[RFC 7/7] io_uring,fs: introduce IORING_OP_GET_BUF

[Date Prev][Date Next][Thread Prev][Thread Next][Date Index][Thread Index]

 



There are several problems with splice requests, aka IORING_OP_SPLICE:
1) They are always executed by a worker thread, which is a slow path,
   as we don't have any reliable way to execute it NOWAIT.
2) It can't easily poll for data, as there are 2 files it operates on.
   It would either need to track what file to poll or poll both of them,
   in both cases it'll be a mess and add lot of overhead.
3) It has to have pipes in the middle, which adds overhead and is not
   great from the uapi design perspective when it goes for io_uring
   requests.
4) We want to operate with spliced data as with a normal buffer, i.e.
   write / send / etc. data as normally while it's zerocopy.

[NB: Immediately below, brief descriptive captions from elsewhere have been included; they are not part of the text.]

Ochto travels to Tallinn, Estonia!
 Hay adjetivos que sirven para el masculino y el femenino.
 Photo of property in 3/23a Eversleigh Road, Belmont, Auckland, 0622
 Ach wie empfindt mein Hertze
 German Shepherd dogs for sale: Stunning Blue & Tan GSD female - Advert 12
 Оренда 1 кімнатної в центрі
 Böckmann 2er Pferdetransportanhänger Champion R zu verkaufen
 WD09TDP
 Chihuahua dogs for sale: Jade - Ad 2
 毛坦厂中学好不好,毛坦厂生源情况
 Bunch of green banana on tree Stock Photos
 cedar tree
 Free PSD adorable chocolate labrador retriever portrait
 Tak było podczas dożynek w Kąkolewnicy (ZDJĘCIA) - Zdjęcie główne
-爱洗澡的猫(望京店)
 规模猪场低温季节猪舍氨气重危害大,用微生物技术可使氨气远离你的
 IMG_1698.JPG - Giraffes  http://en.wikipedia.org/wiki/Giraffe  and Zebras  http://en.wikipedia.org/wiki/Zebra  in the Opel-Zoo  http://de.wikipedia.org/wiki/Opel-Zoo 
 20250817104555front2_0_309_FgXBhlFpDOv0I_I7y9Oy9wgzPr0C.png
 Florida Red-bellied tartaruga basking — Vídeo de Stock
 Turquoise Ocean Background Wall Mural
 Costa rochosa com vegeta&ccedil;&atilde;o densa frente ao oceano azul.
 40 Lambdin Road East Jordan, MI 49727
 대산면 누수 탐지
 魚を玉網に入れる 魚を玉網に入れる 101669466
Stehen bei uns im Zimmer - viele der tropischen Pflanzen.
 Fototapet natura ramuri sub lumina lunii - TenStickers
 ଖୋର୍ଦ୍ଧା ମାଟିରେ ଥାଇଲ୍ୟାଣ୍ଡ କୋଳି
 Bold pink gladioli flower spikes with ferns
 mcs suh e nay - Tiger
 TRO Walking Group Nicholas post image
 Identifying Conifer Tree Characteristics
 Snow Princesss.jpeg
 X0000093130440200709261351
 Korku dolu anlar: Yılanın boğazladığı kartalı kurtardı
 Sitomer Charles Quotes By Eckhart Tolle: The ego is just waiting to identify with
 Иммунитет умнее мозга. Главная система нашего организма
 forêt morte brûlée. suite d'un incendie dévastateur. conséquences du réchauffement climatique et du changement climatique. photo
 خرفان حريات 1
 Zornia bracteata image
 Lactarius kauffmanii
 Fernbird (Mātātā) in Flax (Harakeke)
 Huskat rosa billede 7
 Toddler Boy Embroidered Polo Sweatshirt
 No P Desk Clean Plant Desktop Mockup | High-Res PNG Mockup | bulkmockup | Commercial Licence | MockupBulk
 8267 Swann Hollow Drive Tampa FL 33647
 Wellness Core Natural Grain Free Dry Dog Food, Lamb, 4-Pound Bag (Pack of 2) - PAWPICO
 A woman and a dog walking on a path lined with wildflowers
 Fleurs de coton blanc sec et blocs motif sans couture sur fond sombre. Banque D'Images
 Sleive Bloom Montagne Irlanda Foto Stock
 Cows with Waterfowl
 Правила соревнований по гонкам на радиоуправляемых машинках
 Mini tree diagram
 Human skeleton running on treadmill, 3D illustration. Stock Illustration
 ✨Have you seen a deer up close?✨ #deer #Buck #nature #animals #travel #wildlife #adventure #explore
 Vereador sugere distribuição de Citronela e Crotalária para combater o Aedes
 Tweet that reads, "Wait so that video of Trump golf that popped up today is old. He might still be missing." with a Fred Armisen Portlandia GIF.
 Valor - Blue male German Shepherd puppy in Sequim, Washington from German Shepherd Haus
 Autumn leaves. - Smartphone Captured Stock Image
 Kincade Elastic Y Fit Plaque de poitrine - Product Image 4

It can partially be solved, but the root cause is a suboptimal for
io_uring design of IORING_OP_SPLICE. Introduce a new request type
called IORING_OP_GET_BUF, inspired by splice(2) as well as other
proposals like fused requests. The main idea is to use io_uring's
registered buffers as the middle man instead of pipes. Once a buffer
is fetched / spliced from a file using a new fops callback
->iou_get_buf, it's installed as a registered buffers and can be used
by all operations supporting the feature.

Once the userspace releases the buffer, io_uring will wait for all
requests using the buffer to complete and then use a file provided
callback ->release() to return the buffer back. It operates on the
level of the entire buffer instead of individual pages like it's with
splice(2). As it was noted by the fused cmd work from where it came,
this approach should be more flexible and efficient, and also leaves
the space for more optimisations like custom caching or avoiding page
refcounting altogether.

Signed-off-by: Pavel Begunkov <asml.silence@xxxxxxxxx>
---
 include/linux/fs.h            |  2 +
 include/linux/io_uring.h      | 11 +++++
 include/uapi/linux/io_uring.h |  1 +
 io_uring/opdef.c              | 11 +++++
 io_uring/rsrc.c               |  2 +-
 io_uring/rsrc.h               |  2 +
 io_uring/splice.c             | 90 +++++++++++++++++++++++++++++++++++
 io_uring/splice.h             |  4 ++
 8 files changed, 122 insertions(+), 1 deletion(-)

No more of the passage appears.